Stored items from a collection:
┄┄┄┄┄┄

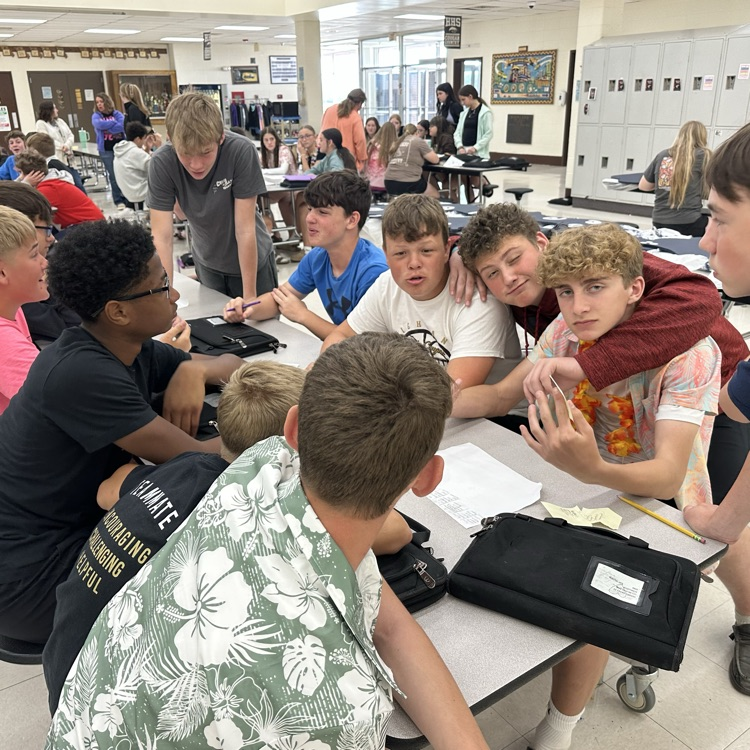 jr high students working on core values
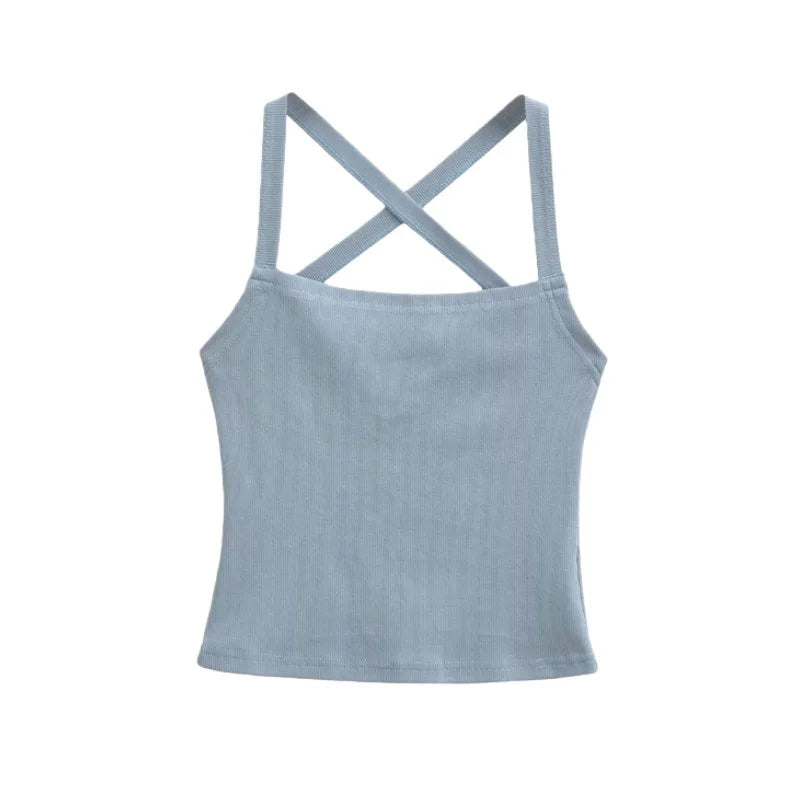 Solid Color Sexy Back-Cross-Strap Tank Top For Women New Summer Slim-Fit Short Outerwear Base Top Pure Desire Casual Style 56ZA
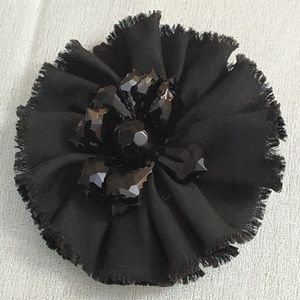 NEW LOFT Black Floral Beaded Pin Brooch #428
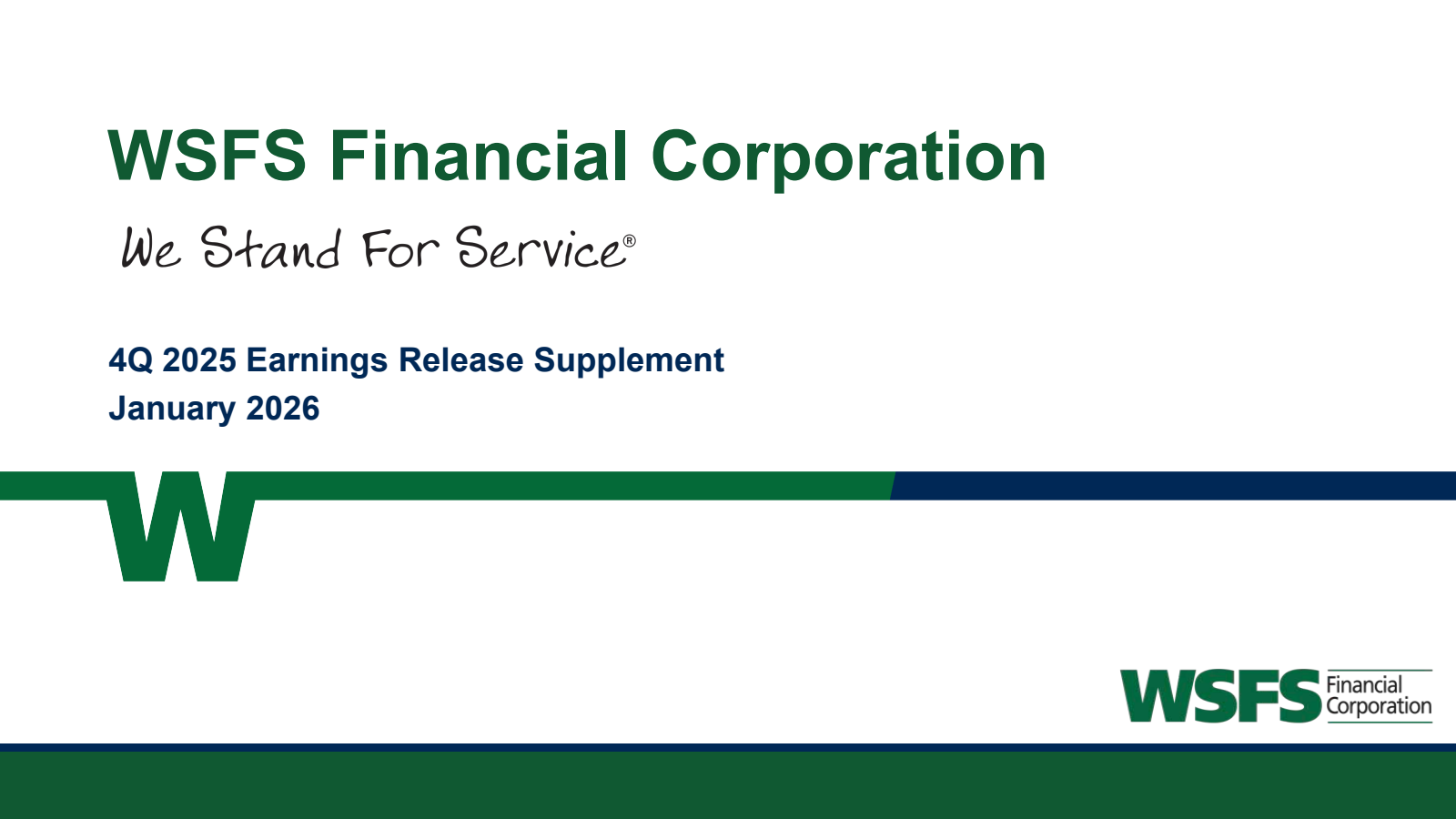 WSFS Financial's Q4 2025 Slide Deck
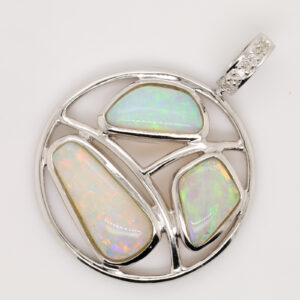 White Gold Pink Blue Green Solid Australian Crystal Opal Diamond Necklace Pendant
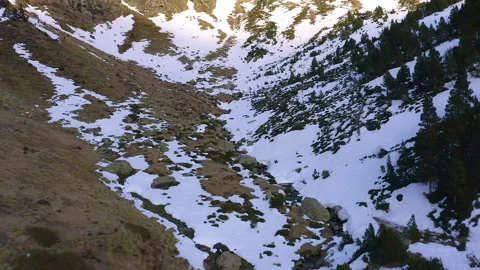Drone view of snowed mountain range in Ordino. Stock Footage 288189574
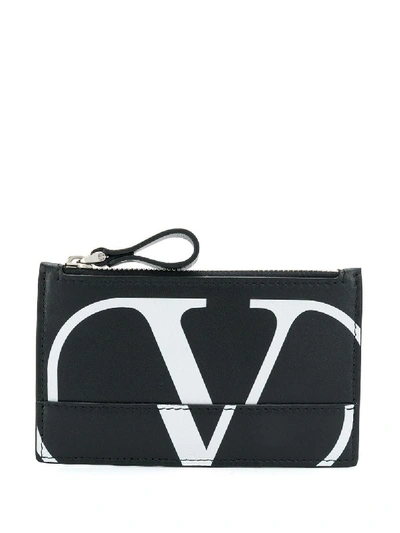 Valentino Garavani Logo Print Card Holder In Black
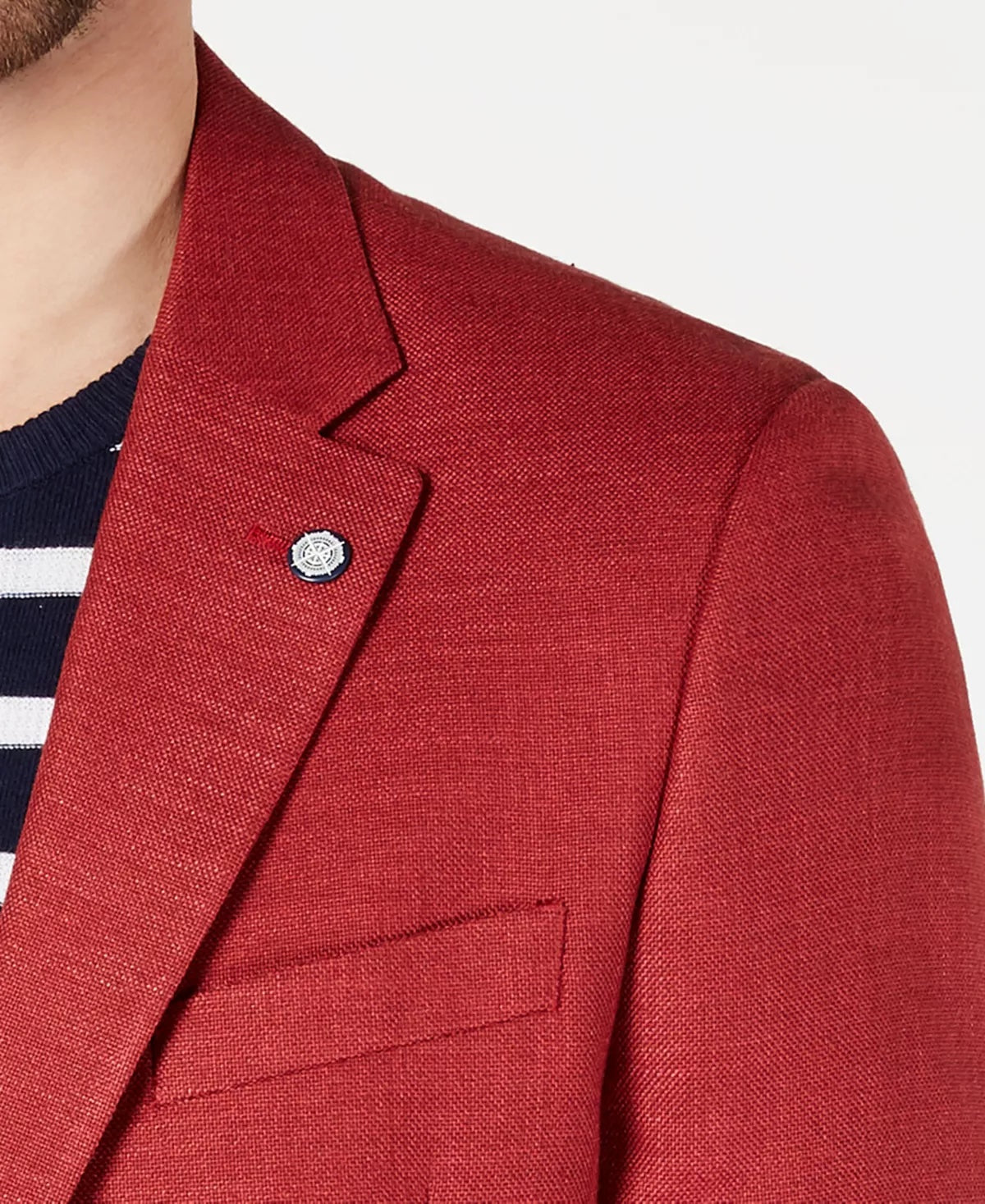 Nautica Mens Modern fit Sport Coat Blazer 40 R Red Solid Stretch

┄┄┄┄┄┄

## AIM OF THE TASK
Beginning with the line that contains "Solid Color Sexy", repeat every remaining line of the data exactly, the last line included, and omit pictures.

## RESPONSE
 Solid Color Sexy Back-Cross-Strap Tank Top For Women New Summer Slim-Fit Short Outerwear Base Top Pure Desire Casual Style 56ZA
 NEW LOFT Black Floral Beaded Pin Brooch #428
 WSFS Financial's Q4 2025 Slide Deck
 White Gold Pink Blue Green Solid Australian Crystal Opal Diamond Necklace Pendant
Drone view of snowed mountain range in Ordino. Stock Footage 288189574
 Valentino Garavani Logo Print Card Holder In Black
 Nautica Mens Modern fit Sport Coat Blazer 40 R Red Solid Stretch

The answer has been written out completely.